Former House Speaker Dennis Hastert, Illinois Republican, was ensnared in scandal in 2006 for pushing a $207 million earmark to build a highway close to property he owned in Illinois.
Similarly, high-flying lobbyist Jack Abramoff pleaded guilty in the mid-2000s for bribing members of Congress to include earmarks in federal spending bills that benefited his clients in the gaming industry.
The scandals were accompanied by widespread exposes of lawmakers using earmarks to push pet projects that many, including their constituents, felt were unneeded and wasteful. The prime example of such spending was a project pushed by GOP Rep. Don Young to build a bridge connecting a small town and an island in his home state of Alaska.
Mr. Young secured $223 million for the project in 2005 and continued bringing home funding until the costs for the bridge grew to nearly $400 million by 2011. The project, labeled infamously as the “Bridge to Nowhere,” was opposed by both good government groups as well as the residents and elected officials of Alaska.
The project, which was officially abandoned nearly a decade after its start, was a prime example that House Republicans invoked when opting to ban earmarks upon winning the majority in 2010.
Given the troubled history, congressional Democrats have attempted to reform the earmark process and make it more transparent as a condition for bringing it back.
Currently, within the House, lawmakers are only allowed to submit 10 earmark requests per member. Funding will be limited to community projects only, and for-profit corporations and entities are banned from receiving earmarks.
The House Appropriations Committee also requires members to submit their requests within writing, which are made publicly available online.
Despite the reforms, some Republicans are unsold on the practice. While both parties in the House backed reinstating earmarks, Senate Republicans have opted to keep in place their voluntary ban on the practice.

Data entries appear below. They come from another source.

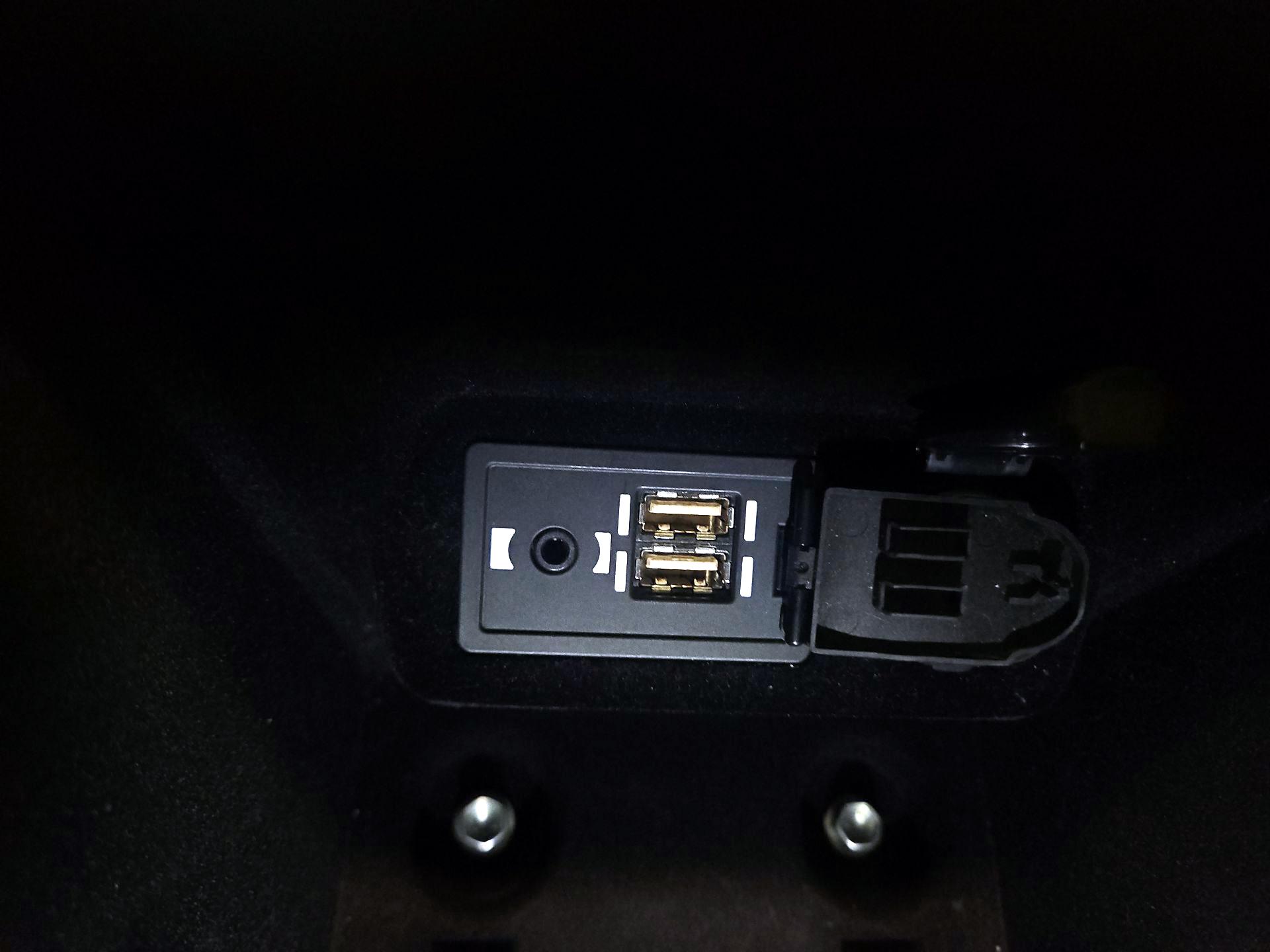 Thumbnail: 2019 Lexus NX - 18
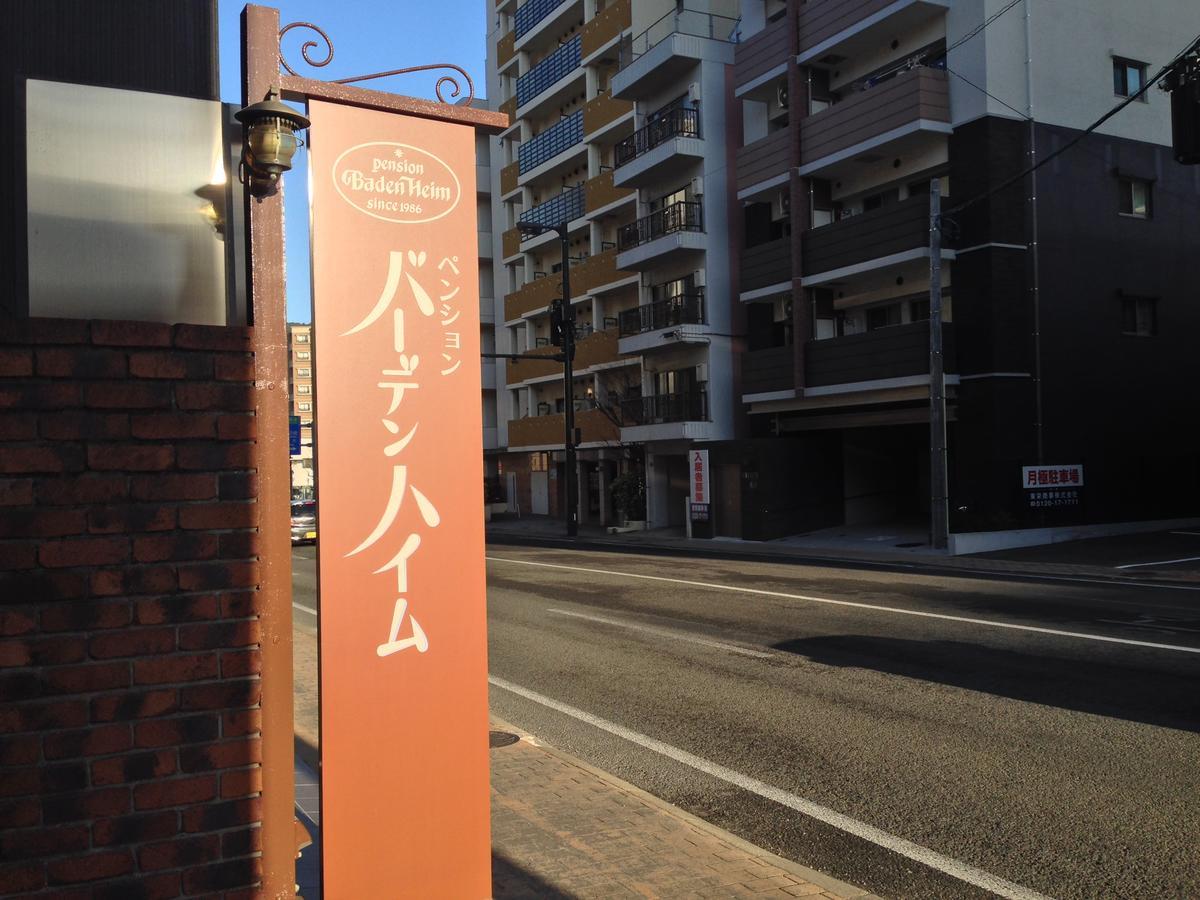 Pension Baden Heim Nagasaki Exterior photo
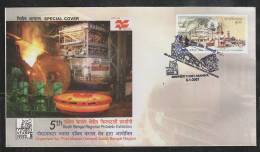 India  2007  Steel Plant  Tiger Logo  Conveyor Belts Cancellation...Cover #  46531  Indien Inde India - Covers & Documents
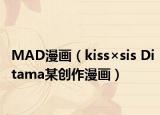 MAD漫画（kiss×sis Ditama某创作漫画）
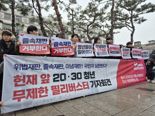 헌재 앞 '무제한 필리버스터', 집회인가 기자회견인가…법원 판단은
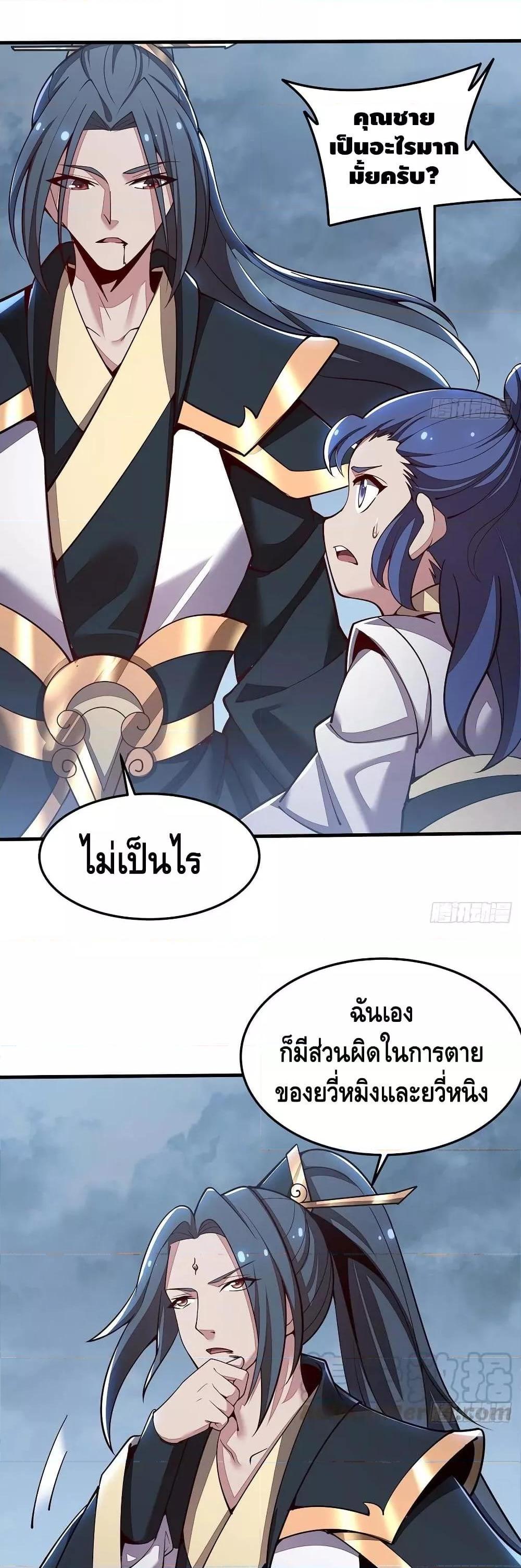 Manga-lc-com อ่านมังงะ อ่านการ์ตูน ออนไลน์ ฟรี UndeadKingBey ตอนที่ 1 2 3 4 5 6 7 8 9 10 11 12 13 14 ฟรี ไม่มีโฆษณา Manga-lc - อ่าน มังงะ อ่าน การ์ตูน ออนไลน์ อ่านมังงะ ฟรี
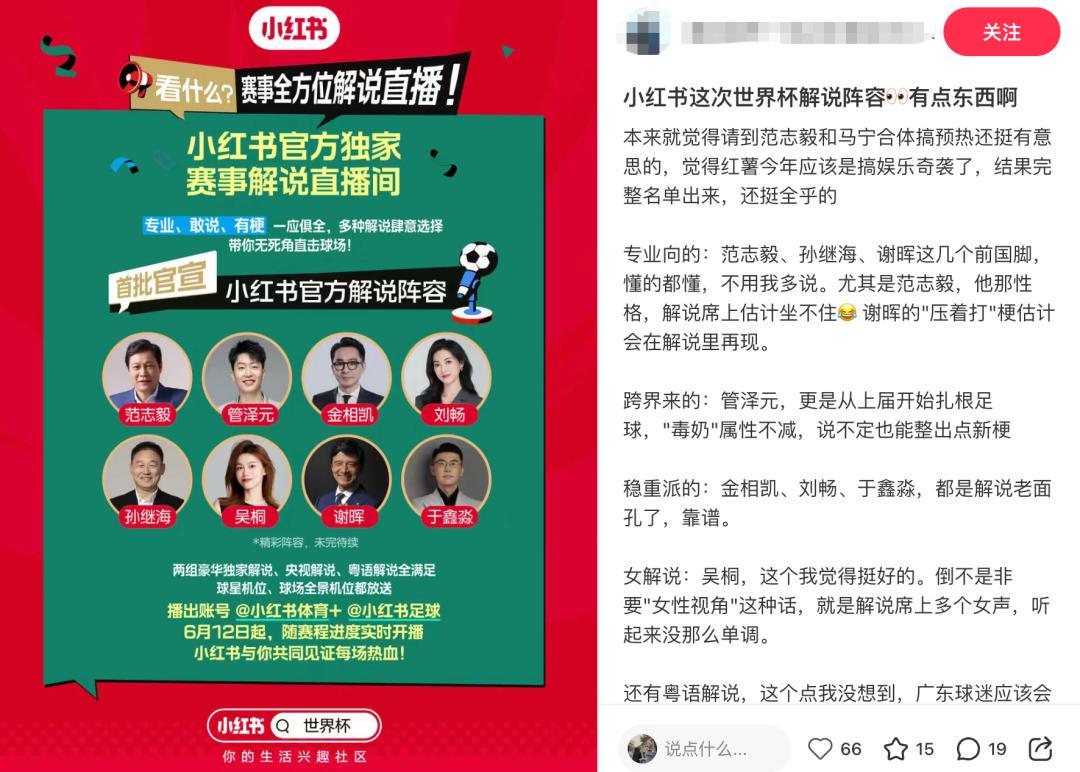 贝尔萨:我们本应该击败沙特,但上半场浪费了45分钟时间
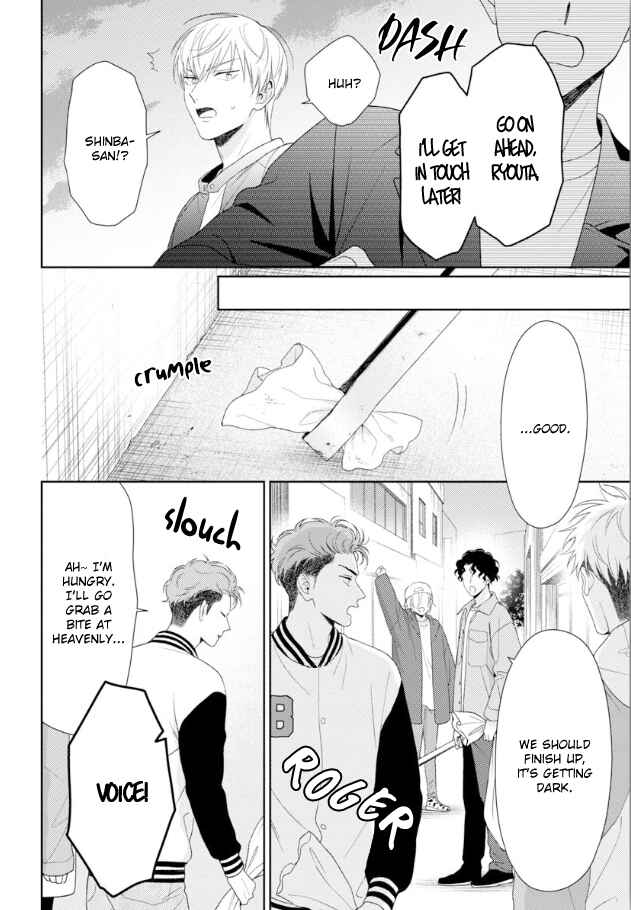 Page 9 Chapter 6 Karasugaoka Dont Be Shy!!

“I argued forcefully as did a number of other senators that, that would be a serious mistake to return to earmarks,” said Republican Sen. Ted Cruz of Texas. “Earmarks are the gateway drug to excess spending. … They also invite corruption, and there’s been a sad and sordid history, including members of Congress who’ve gone to prison.”
Some claim, however, that such rhetoric only serves to benefit Democrats, especially those in marginal House seats, “disproportionately because they’ve embraced the earmark process.”
“Since Trump’s departure, Republicans are pretending to care about deficits and debt so they face the conundrum of using earmarks to increase their standing in the district, but opening themselves up to a hypocrisy argument,” said Mr. Strother, who advised the reelection campaign of moderate Texas Democrat Rep. Henry Cuellar in 2020.